CodePointTrie support for normalizer and collator perf improvements by hsivonen · Pull Request #7768 · unicode-org/icu4x

hsivonen · 2026-03-11T16:35:15Z

Split out of #7526 and #7600. The code here needs to be published to crates.io, before those changes can land, because the utf8_iter and utf16_iter crates need to depend on a version icu_collections that has this code on crates.io.

Changelog

Make icu_collections not depend on utf8_iter to avoid a circular dependency.
Add CodePointTrie getters for fusing lookup into iterating over text: getters by Latin1, ASCII, two-byte UTF-8, and three-byte UTF-8.
Serde and databake support for typed CodePointTries.
A WithTrie trait for obtaining the trie referenced by an iterator that iterates over char and TrieValue pairs.
Iterators by char and TrieValue pairs for Latin1,str, and delegate iterator over char.
A variant of the iterator of str that returns TrieValue::default() for ASCII instead reading from the trie.

Manishearth

Will take some time to properly review

Manishearth · 2026-03-11T16:53:15Z

components/collections/src/codepointtrie/cptrie.rs

+    }
+
+    #[inline(always)]
+    unsafe fn get_bit_prefix_suffix_assuming_fast_index(


issue: please document safety invariants (even if it's obvious from the function name)

edit: it's not; because there are invariants on bit_prefix and bit_suffix.

We should document this and ensure it's upheld by the callers.

Manishearth · 2026-03-11T16:56:18Z

components/collections/src/codepointtrie/cptrie.rs

+    pub unsafe fn get7(&self, ascii: u8) -> T {
+        debug_assert!(ascii < 128);
+        debug_assert!((ascii as usize) < self.data.len());
+        // SAFETY: Length of `self.data` checked in the constructor.


issue: We may add more ctors in the future. This should reference the safety invariants on data, just say // SAFETY: Allowed by datas safety invariant, updating data's invariant to require that it has at least 128 elements and updating the constructor validation to saying something like // data safety invariant upheld here

Manishearth · 2026-03-11T16:56:47Z

components/collections/src/codepointtrie/cptrie.rs

+        debug_assert!(low_six <= 0b111_111); // Safety invariant.
+        debug_assert!(high_five <= 0b11_111); // Safety invariant.
+        debug_assert!(high_five > 0b1); // Non-shortest form; not safety invariant.
+                                        // SAFETY: The highest character representable as a two-byte


nit: maybe introduce a newline so that this formats better

Manishearth · 2026-03-12T01:53:03Z

components/collections/src/codepointtrie/iter.rs

@@ -0,0 +1,1240 @@
+// This file is part of ICU4X. For terms of use, please see the file


This file is a lot of unsafe code and I'm not convinced it is justified.

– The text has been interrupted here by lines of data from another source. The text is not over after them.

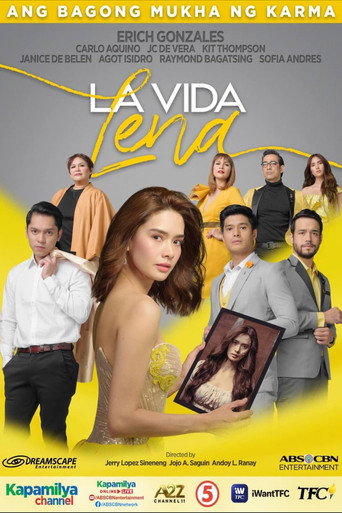 The poster for TV Broadcast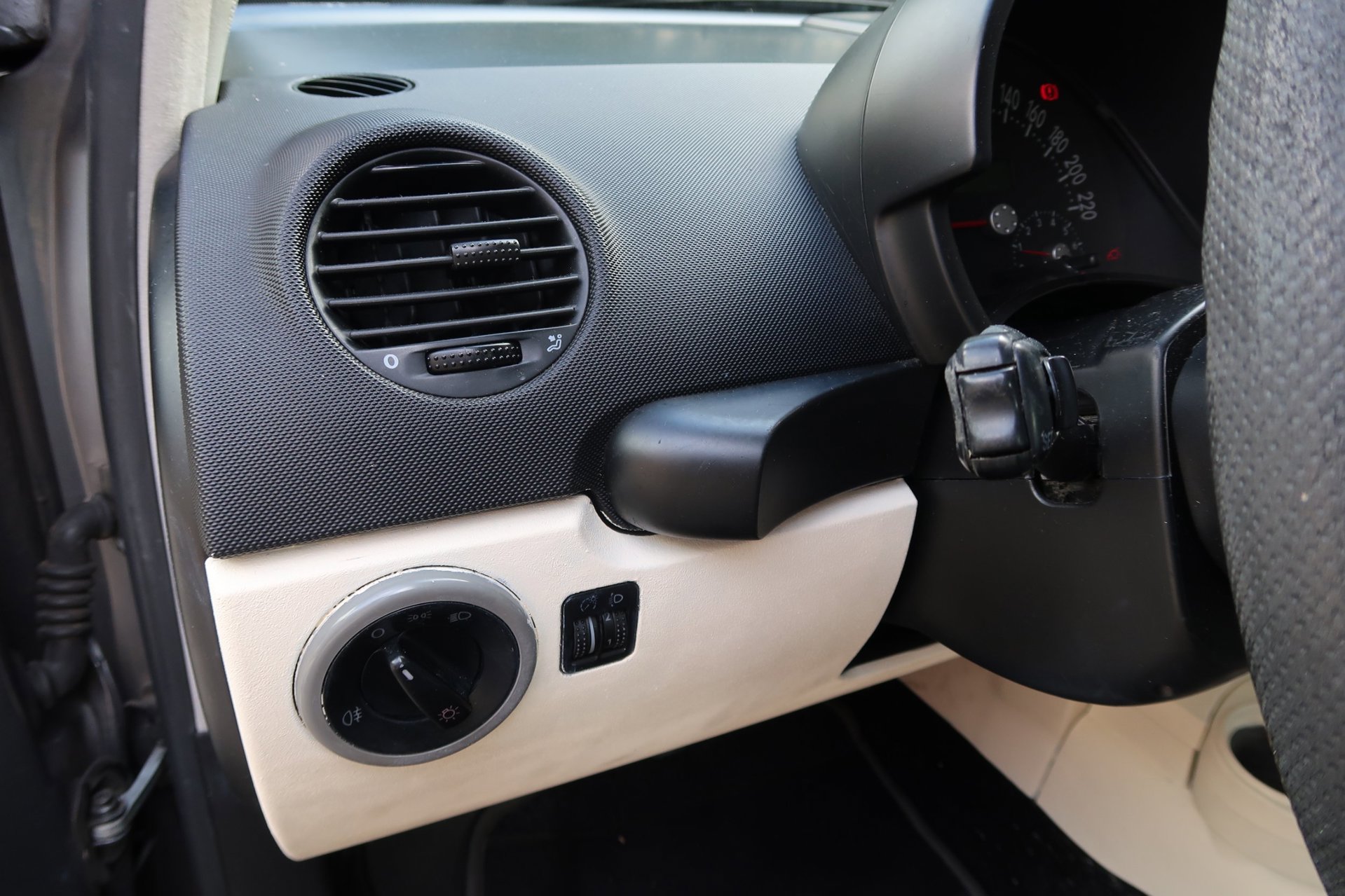 Foto van Volkswagen New Beetle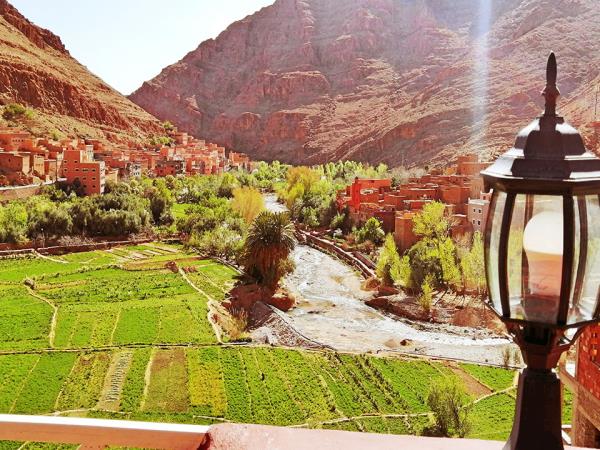 Morocco adventure & cultural highlights tour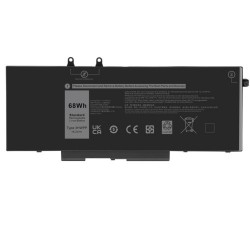 68Wh 15.2V Laptop Battery for Dell Inspiron 7000 7506 2in1 MKTN27506EJTXH CN75603SC CN75601SC CAI1572N1W10P2C5102B CAI1572N1W10P2C5101B BN75603SB 7506-7352 7506-7345 7506-7338 7506-6515 7506-5225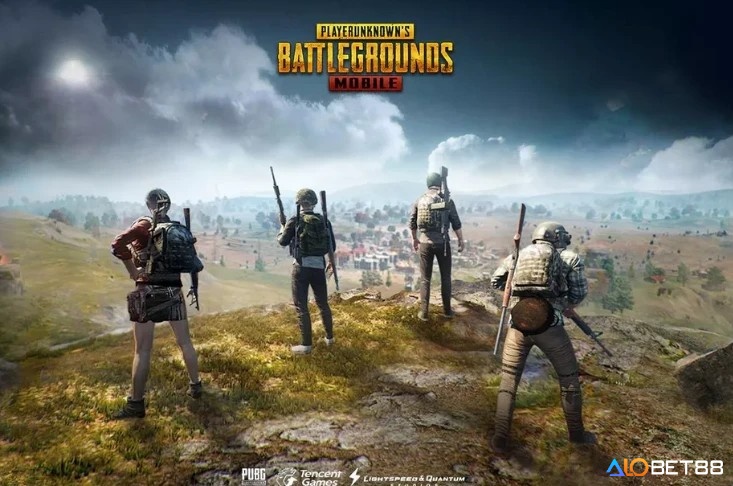 Game android đồ họa đẹp PUBG Mobile hấp dẫn nhờ tính cạnh tranh cao và đồ họa sống động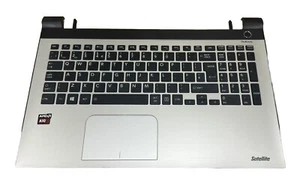 Toshiba Satellite L50D-C AMD Palmrest UK gruppo tastiera bronzo/oro - Foto 1 di 2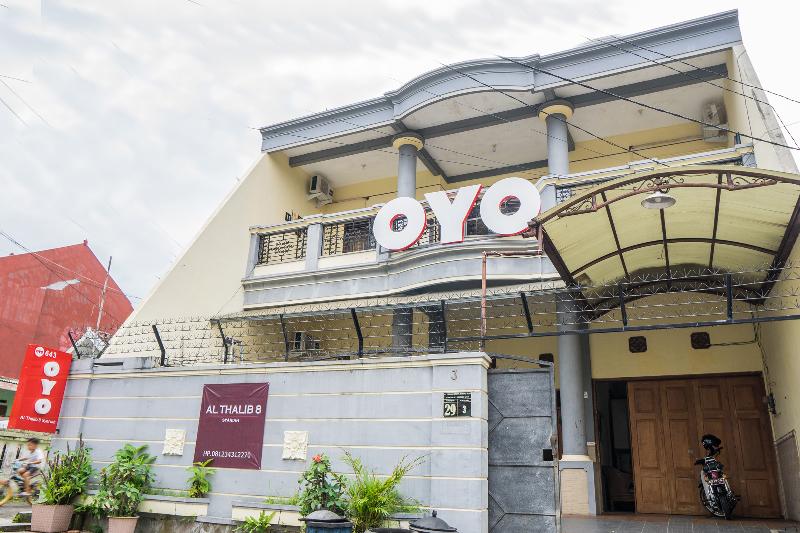 旅馆 Al Thalib 8 Syariah By Oyo Rooms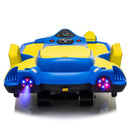 24V Kids Ride On Electric scooter w/ helmet knee pads,24v ride on toy for kids,Spray function,2WD 400w wheel-hub motor,5.59-6.84MPH,Gravity Steering,Use for 1-2 hours,Exercise your child age 6+.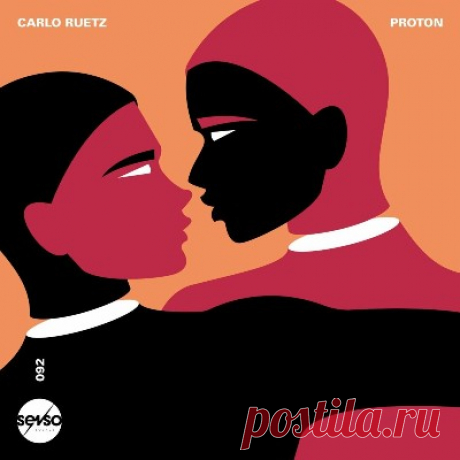 Carlo Ruetz – Proton - psytrancemix.com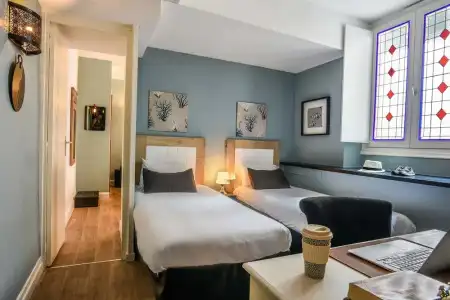 Hôtel de L'Océan - 53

Can we reduce the amount of unsafe code in this PR by writing these iterators to wrap CharIndices? There will still be unsafe in this file, but it will be around CPT invariants rather than also around UTF8 decoding.

Separately we can try and justify additional unsafe using benchmarks if needed, and that would be a nice scoped PR that can be easily reviewed and benchmarked.

Fusing the trie lookup into UTF-8 decoding is the key point of this changeset: CPT in ICU4C has been designed so that its bit split lines up with the bits in the last UTF-8 trail byte, and we've been using it pessimally in ICU4X.

I guess I will need to port the UTF-16 NFC to NFD throughput benchmark to str and then get exact numbers for the effect here.

Hmm, I see. I feel like using CharIndices (especially with its offset function) you might still be able to get the same benefits, but I understand if that was the point of this change.

In that case we should probably have more careful tracking of the invariant on the contained iterator whenever it is advanced.

components/collections/src/codepointtrie/iter.rs

components/collections/src/codepointinvliststringlist/mod.rs

components/collections/src/codepointtrie/cptrie.rs

Manishearth · 2026-03-12T02:00:47Z

components/collections/src/codepointtrie/cptrie.rs

+    pub fn get8(&self, latin1: u8) -> T {
+        let code_point = u32::from(latin1);
+        debug_assert!(code_point <= SMALL_TYPE_FAST_INDEXING_MAX);
+        // SAFETY: `u8` is always below `SMALL_TYPE_FAST_INDEXING_MAX` and,


suggestion (non blocking): worth documenting on those two constants that their precise values are extremely safety relevant and relied upon by many different checks in this file

Manishearth · 2026-03-12T02:04:52Z

components/collections/src/codepointtrie/cptrie.rs

+        debug_assert!(low_six <= 0b111_111); // Safety invariant.
+        debug_assert!(high_five <= 0b11_111); // Safety invariant.
+        debug_assert!(high_five > 0b1); // Non-shortest form; not safety invariant.
+                                        // SAFETY: The highest character representable as a two-byte


issue: the safety invariants on this function are not currently documented, but once they are, this comment should be in terms of those invariants

Added a line break.

Manishearth · 2026-03-12T02:05:43Z

components/collections/src/codepointtrie/cptrie.rs

+    ///
+    /// `low_six` must not have bit positions other than the lowest 6 set to 1.
+    ///
+    /// # Intended Invariant


question: what is this? Is this a non-safety-relevant invariant?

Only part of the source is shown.